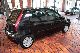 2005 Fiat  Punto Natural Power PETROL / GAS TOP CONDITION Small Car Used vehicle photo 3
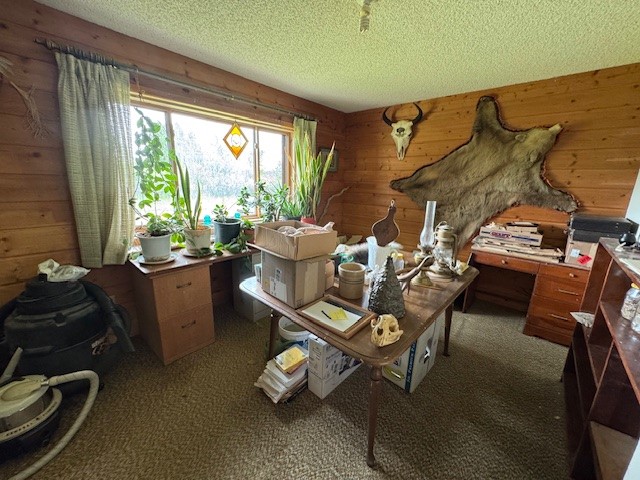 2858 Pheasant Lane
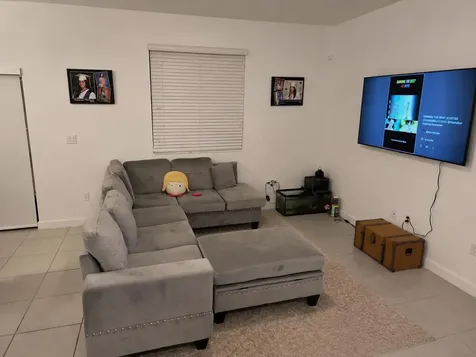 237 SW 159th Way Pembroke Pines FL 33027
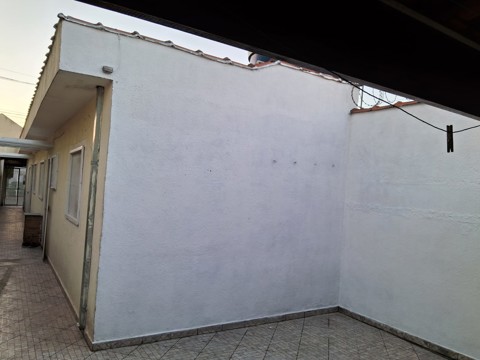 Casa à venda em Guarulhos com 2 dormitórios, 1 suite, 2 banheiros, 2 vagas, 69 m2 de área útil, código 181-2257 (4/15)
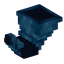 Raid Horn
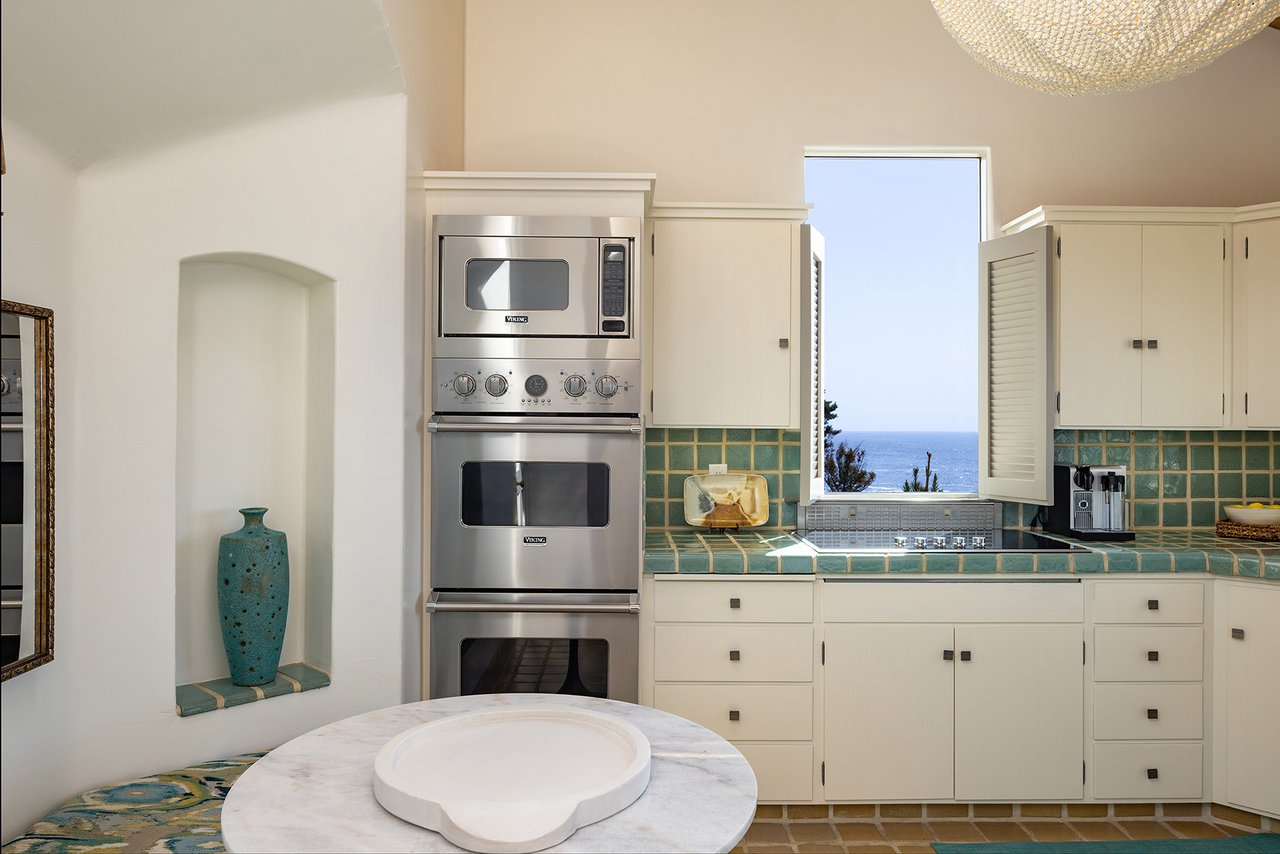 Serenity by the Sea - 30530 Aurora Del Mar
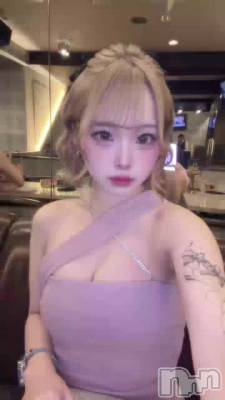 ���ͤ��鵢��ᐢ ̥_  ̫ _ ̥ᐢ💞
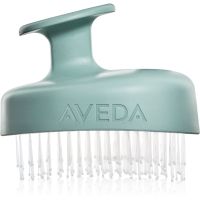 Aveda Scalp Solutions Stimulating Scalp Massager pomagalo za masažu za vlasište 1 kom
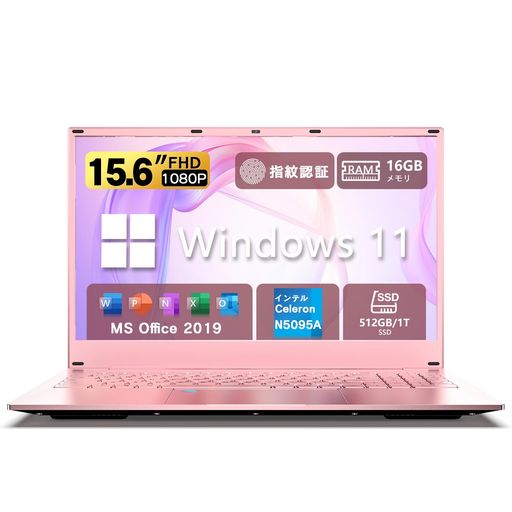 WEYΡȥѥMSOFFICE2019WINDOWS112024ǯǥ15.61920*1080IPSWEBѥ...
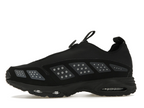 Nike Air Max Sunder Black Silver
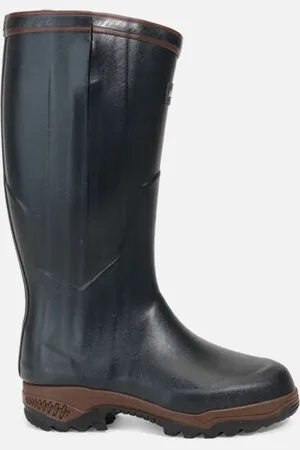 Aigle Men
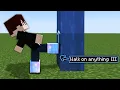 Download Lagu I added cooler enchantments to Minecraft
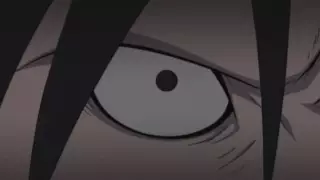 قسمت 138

----------------------------------------

*Assignment*
Everything from the line containing "Nike Air Max Sunder Black Silver" through the last line of the records above is to be reproduced exactly, except the pictures.

*Answer below*
 Nike Air Max Sunder Black Silver
 Aigle Men
 Download Lagu I added cooler enchantments to Minecraft
 قسمت 138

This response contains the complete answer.